MLOps: What it Ought to Include
Now I’ll address machine learning operations (MLOps) which is a modern cousin of DevOps, relevant in the context of machine learning models being developed and deployed (generally as some kind of software service). MLOps have come to evolve in much the same we saw DevOps evolving, but there is a set of issues here that go beyond the software-level technicalities, to the statistical and mathematical technicalities of building and deploying machine learning systems.
MLOps workflows and lifecycles appear similar to software development workflows as executed in DevOps contexts. However, there ought to be (and are) crucial differences in how these workflows are different between these two disciplines (of software engineering and machine learning engineering).
Some of the unique technicalities for MLOps include:
- Model’s absolute performance, measured by metrics such as RMSE or F1 score
- Model deployment performance against SLAs such as latency, load and scalability
- Model training and retraining performance, and scalability in that context
- Model explainability and interpretability
- Security elements – data and otherwise, of the model, which is a highly domain-dependent conversation
In addition to these purely technical elements of MLOps, there are elements of the discipline in my mind, that should include people and processes:
- Do we have engineers with the right skills to build and deploy these models?

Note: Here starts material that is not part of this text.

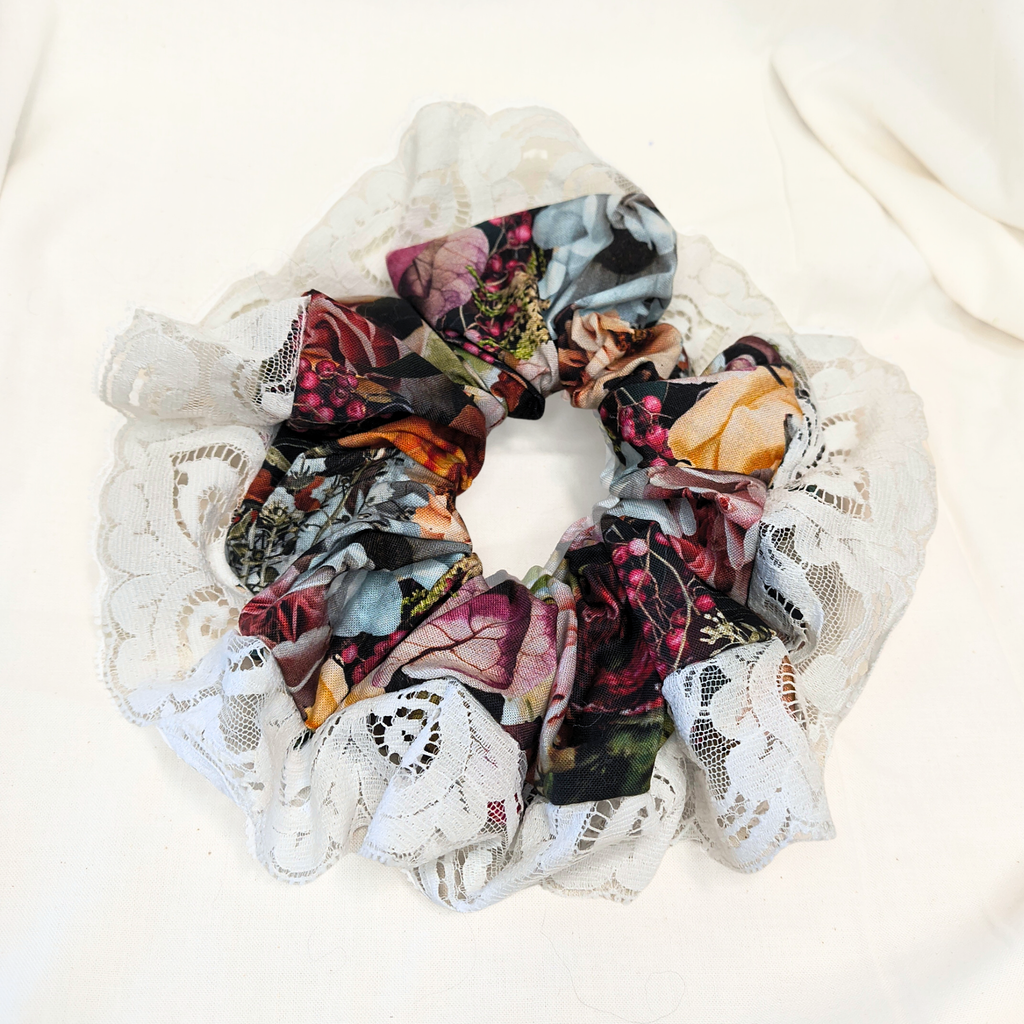 Blush Rose Lace Scrunchie - Made with Upcycled Materials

- Have we got statisticians who can evaluate the underlying assumptions of these ML models and their formulation?
- Do we have communication processes in the team that ensure timely implementation of specific ML model features?
- How do we address model drift and retraining?
- If new training data comes from a different region, can it be subject to the same security, operational and other considerations?
There may be more, and some of you reading this, who happen to have deployed and faced production scale ML model development/deployment challenges, may have more to add. MLOps should therefore see significant discussions around these elements, and these and other related discussions should happen early and often, in the context of ML model deployment and maintenance.